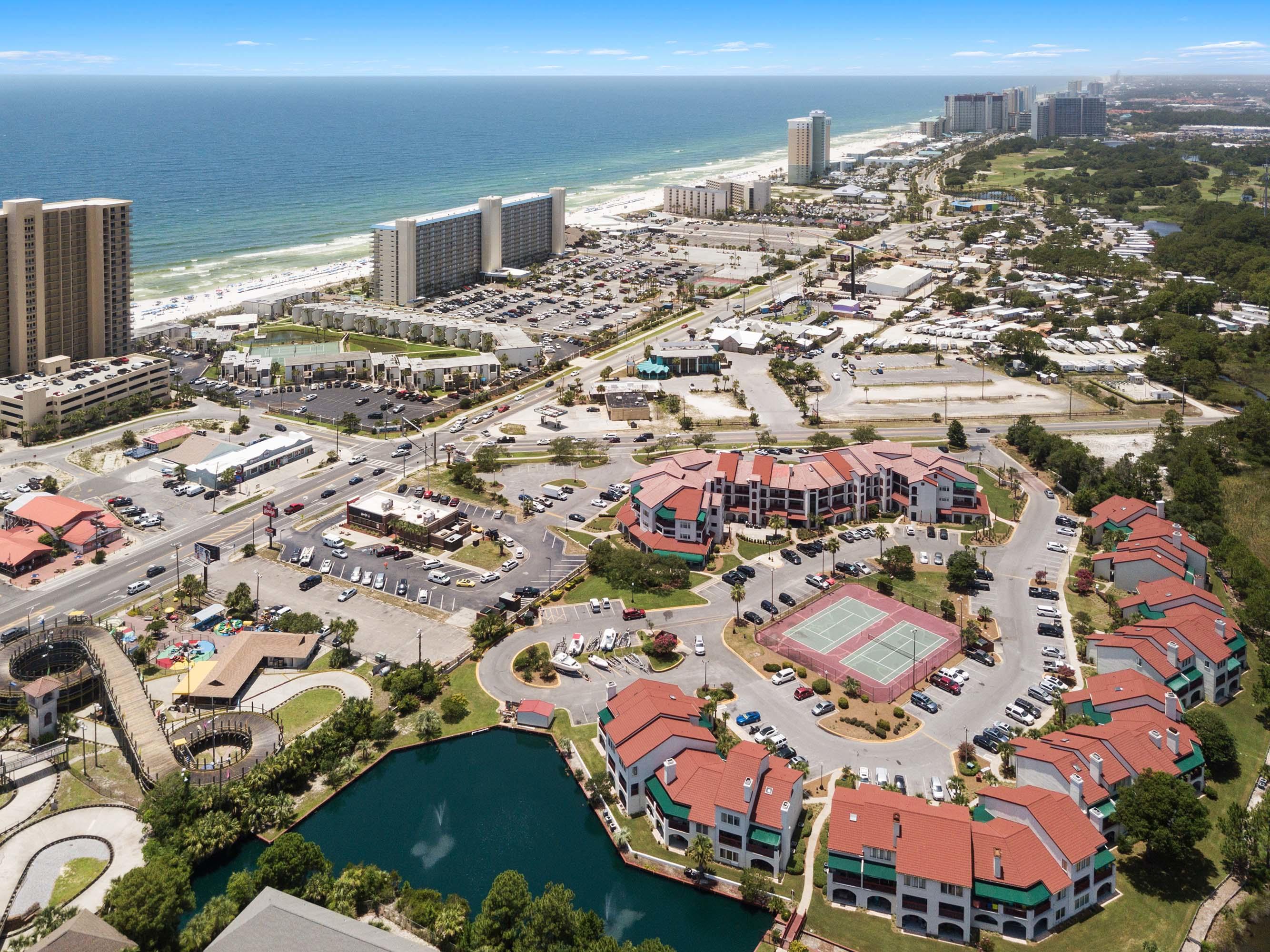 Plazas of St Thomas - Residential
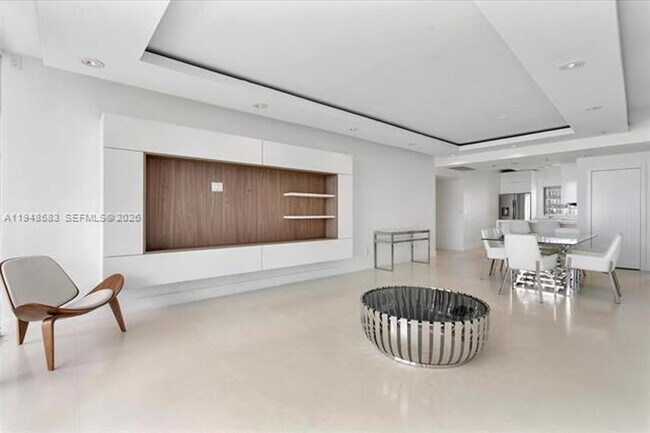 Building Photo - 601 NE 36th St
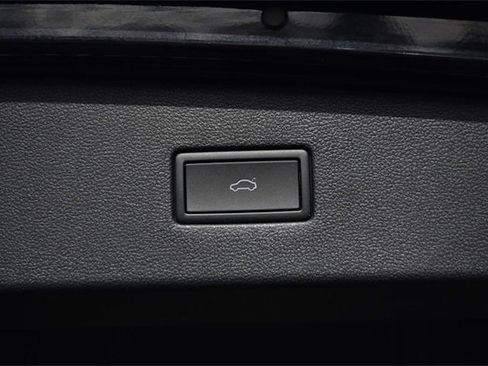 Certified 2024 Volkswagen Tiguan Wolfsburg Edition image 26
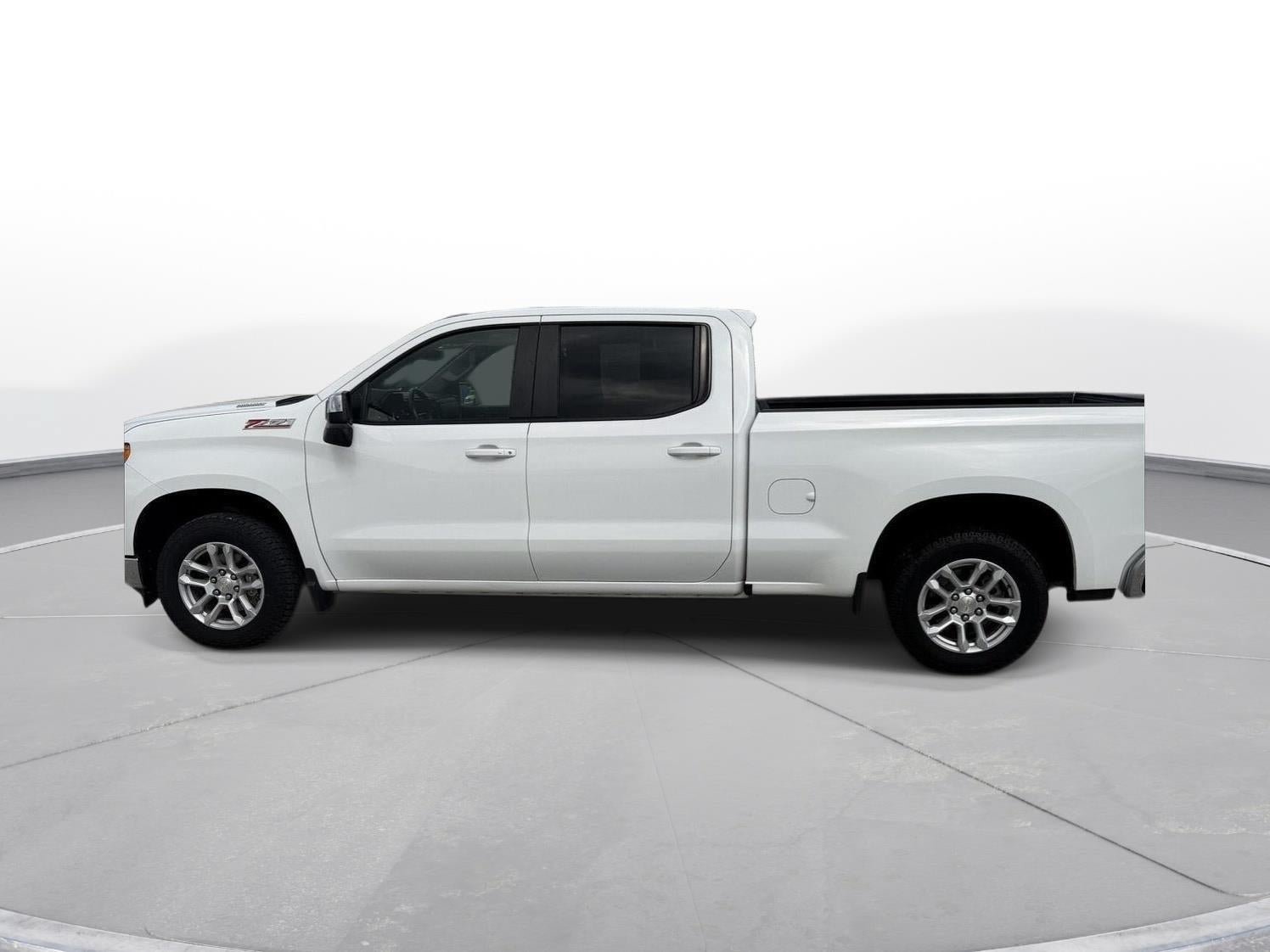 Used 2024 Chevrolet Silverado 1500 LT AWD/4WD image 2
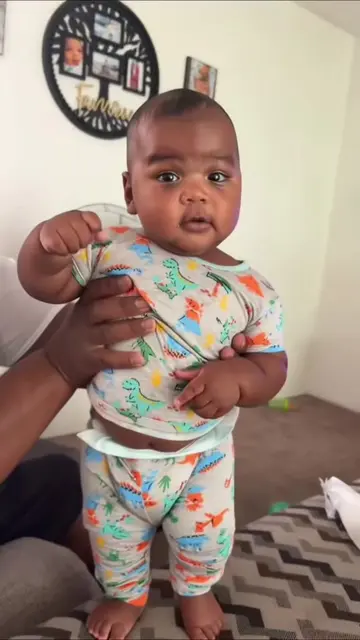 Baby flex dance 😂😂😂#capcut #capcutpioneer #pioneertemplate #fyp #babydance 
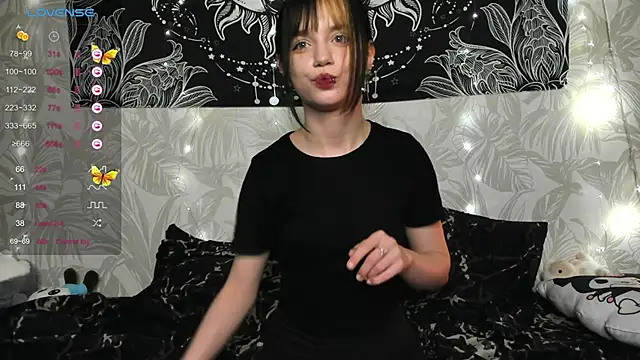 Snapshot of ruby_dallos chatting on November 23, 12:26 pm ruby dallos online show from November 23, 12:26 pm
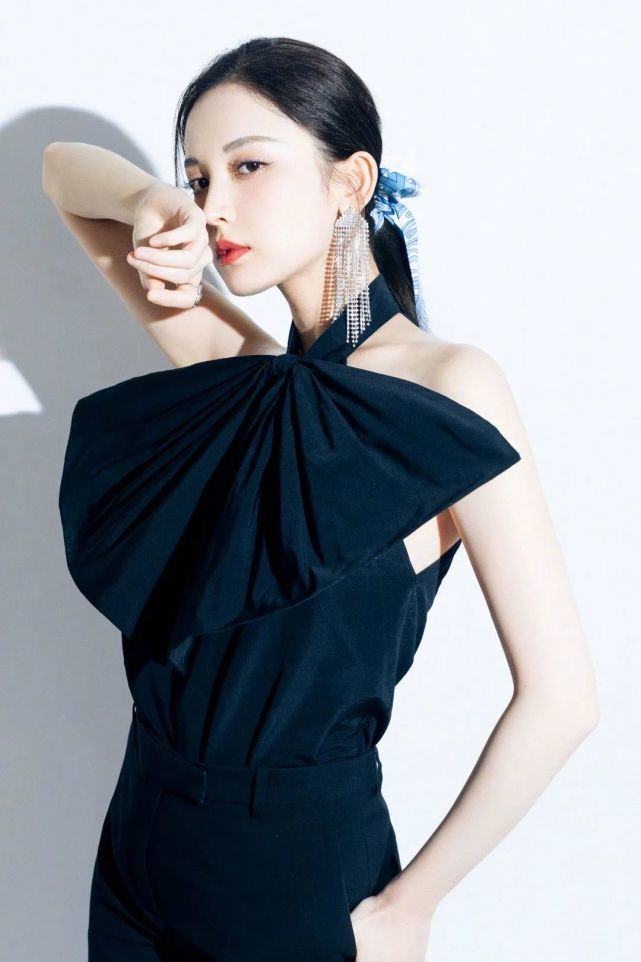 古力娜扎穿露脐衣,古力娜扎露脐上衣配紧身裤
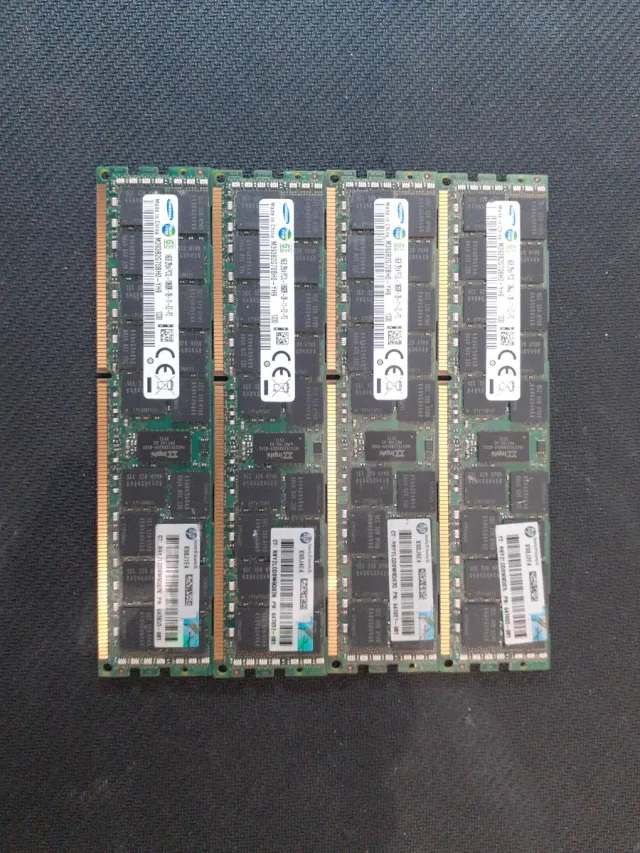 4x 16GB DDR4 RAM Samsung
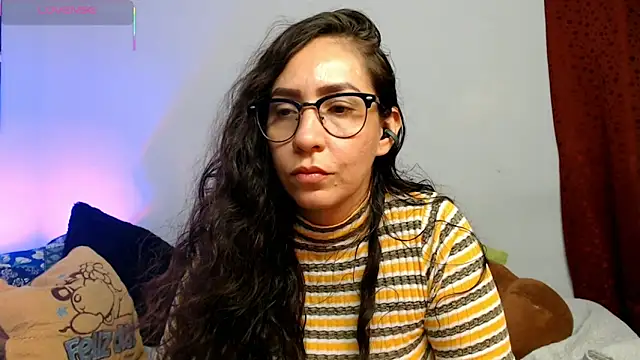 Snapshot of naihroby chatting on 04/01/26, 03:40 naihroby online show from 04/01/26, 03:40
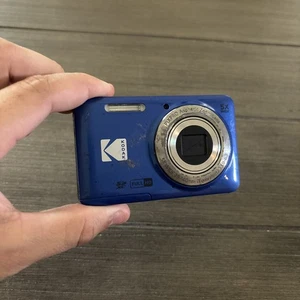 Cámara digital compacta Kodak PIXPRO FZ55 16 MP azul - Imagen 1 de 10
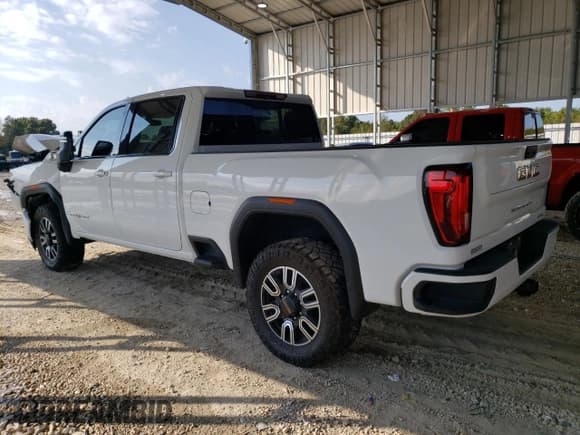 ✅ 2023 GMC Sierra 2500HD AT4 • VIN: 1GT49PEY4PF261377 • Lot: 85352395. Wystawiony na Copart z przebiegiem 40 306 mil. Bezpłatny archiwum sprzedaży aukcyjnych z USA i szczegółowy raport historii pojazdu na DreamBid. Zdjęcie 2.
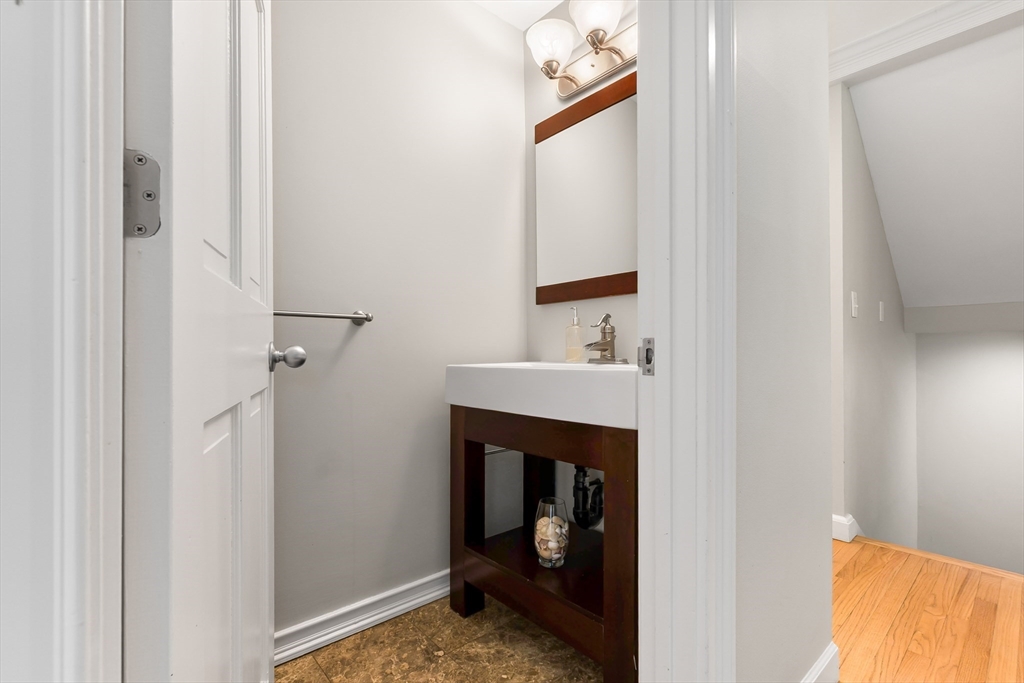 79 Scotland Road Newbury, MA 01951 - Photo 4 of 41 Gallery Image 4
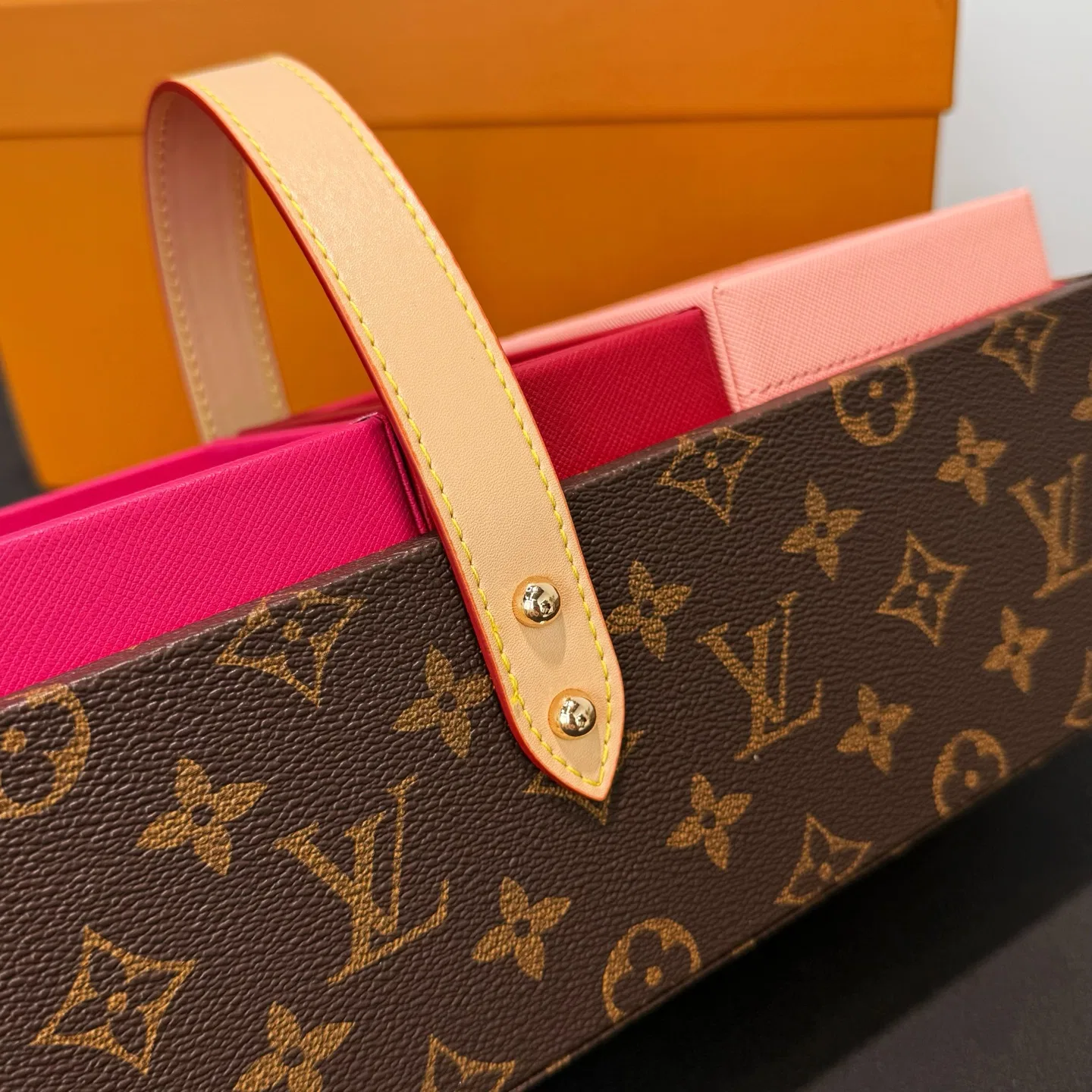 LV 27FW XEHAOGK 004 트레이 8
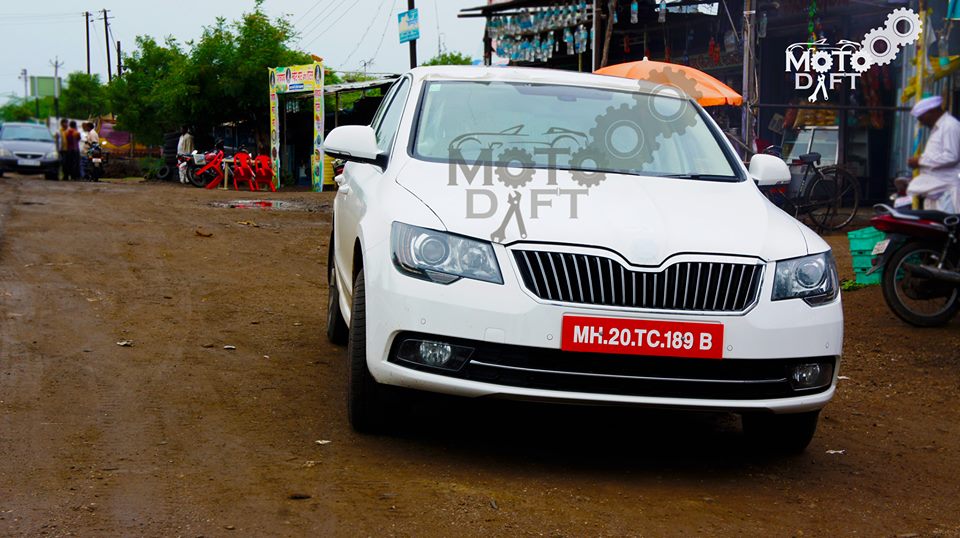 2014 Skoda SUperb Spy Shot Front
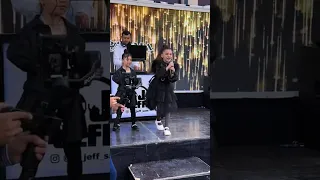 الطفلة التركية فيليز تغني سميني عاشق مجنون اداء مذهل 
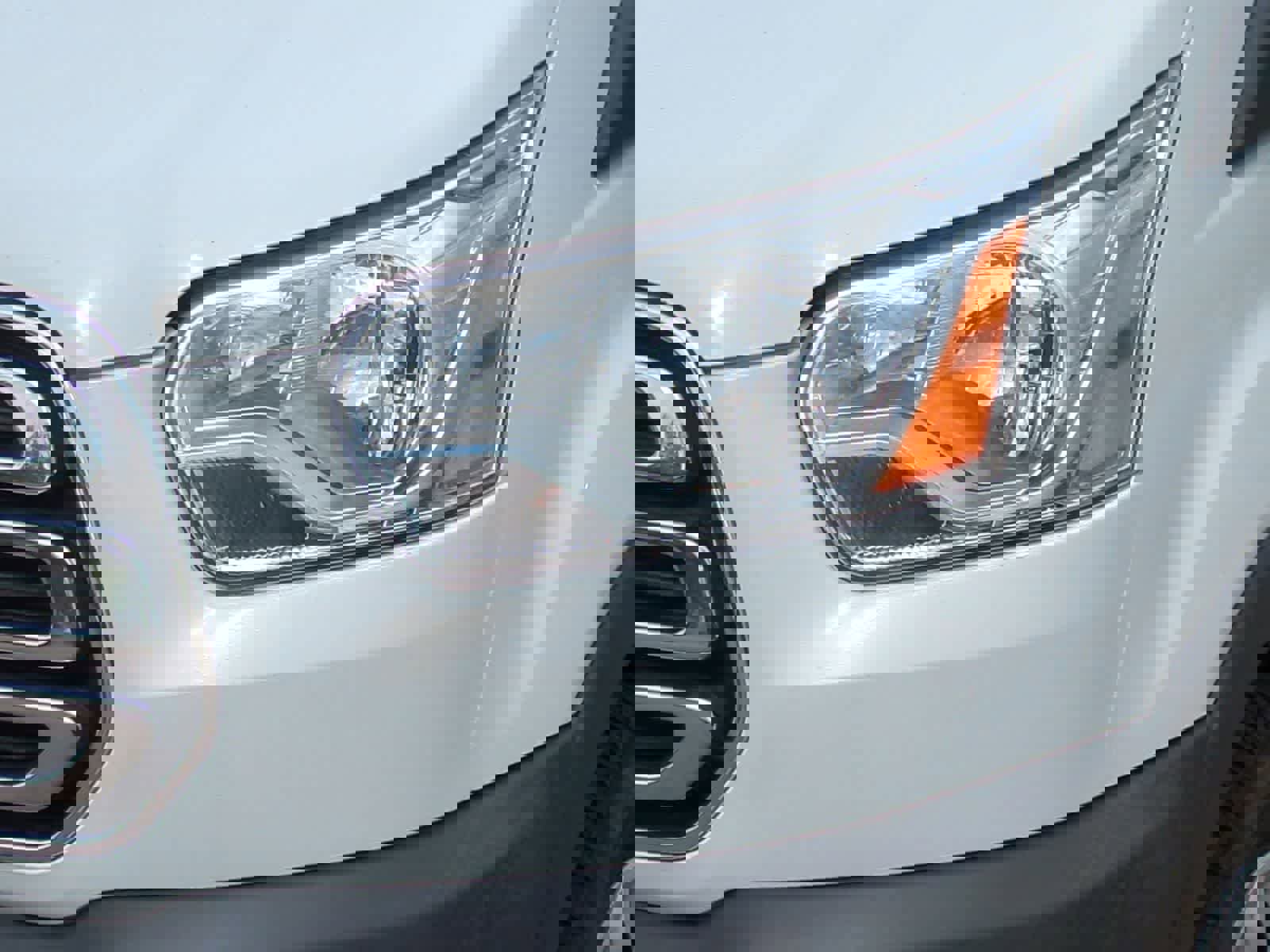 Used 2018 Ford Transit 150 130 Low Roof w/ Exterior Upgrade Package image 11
* * *
Please set down the lines from the one with "LV 27FW XEHAOGK 004 트레이 8" to the end of the entries above, exactly as they are, and drop every picture.

 LV 27FW XEHAOGK 004 트레이 8
 2014 Skoda SUperb Spy Shot Front
 الطفلة التركية فيليز تغني سميني عاشق مجنون اداء مذهل 
 Used 2018 Ford Transit 150 130 Low Roof w/ Exterior Upgrade Package image 11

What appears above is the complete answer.